# Victor Bike... any info?



## Double Clutch

I have a Victor bike that was my father's and my grandfather's. We believe that it must be from around 1910-1920. It has or had wooden wheels and interesting fenders. I would like to restore it but it may be too far gone. Does anyone have anything similar or any information about this make. Any info is appreciated! Thanks!


----------



## Antique Archaeology

*Victor bike*

Hey.
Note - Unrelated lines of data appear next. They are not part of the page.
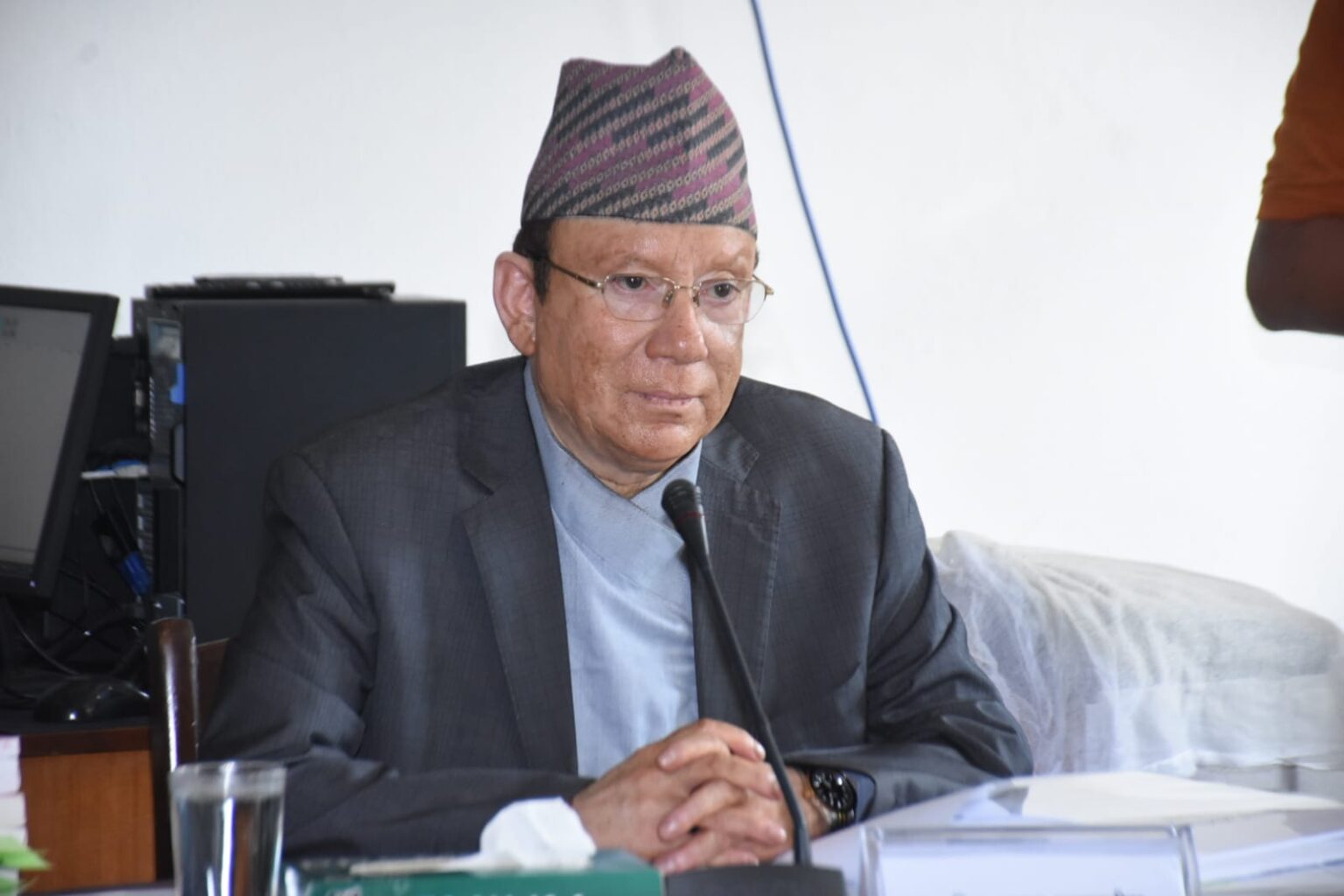 ३२औं प्रधानन्यायाधीशमा प्रकाशमानसिंह राउत नियुक्त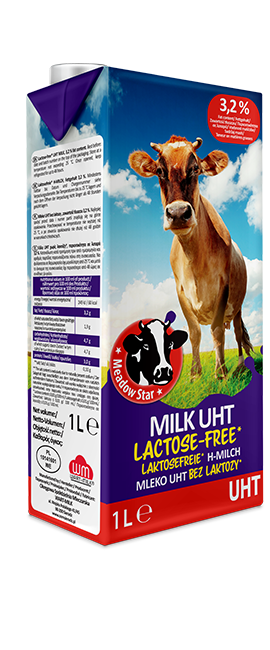 UHT MEADOW STAR milk 3,2%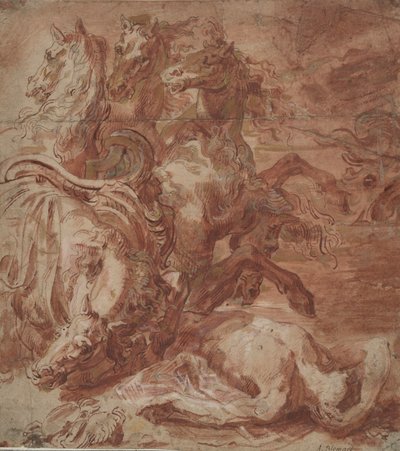 Hippolytus by Abraham Bloemaert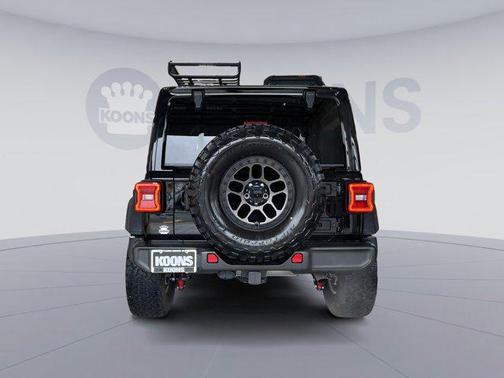 2022 Jeep Wrangler Unlimited High Tide 4x4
I will give you 100.00 for the front fender...M


----------



## pelletman

Victor in Chicopee MA made bikes from 1883 to 1899 or so and then went out of business.  Another company took their name and built bikes in NY at least in the 20's.  The one you have is the later one.  Probably not worth restoring if it is for the money, if you do it it will be for the sentimental value, which is probably worth it.


----------



## dave the wave

*restore it*

I say restore it.spray it with WD-40 and see if there is any pinstripes.then try to get the front fork off,to see if there's any paint on the neck.the front fender is rare because Indian bicycles had that style fender and other bicycle brands.It be a easy resto.only a few parts to nickel and the rest paint.value of the bike?about $300.good luck.


----------



## walter branche

*front fender*

i will buy the front fender if its for sale ,let me know wbranche@cfl.rr.com, thanks pb


----------



## mre straightbar

hell i need the front fender too highest bidder?


----------



## mre straightbar

and ill give you one to replace it


----------



## kunzog

Put my name in the hat for the front fender too!


----------



## walter branche

*how much for the fender 250.00??*

if you are going to sell the fender i will offer 250.00 let me know ,,thanks walter branche   wbranche@cfl.rr.com


----------



## mre straightbar

and a replacement fender!


----------



## balloontirecruiser

Someone did the back wheel a favor  I wonder how that happened... I suppose they must eventually get brittle over time. Neat bike.


----------



## redline1968

how about trades for the fender or whole bike?  or a paint job?


----------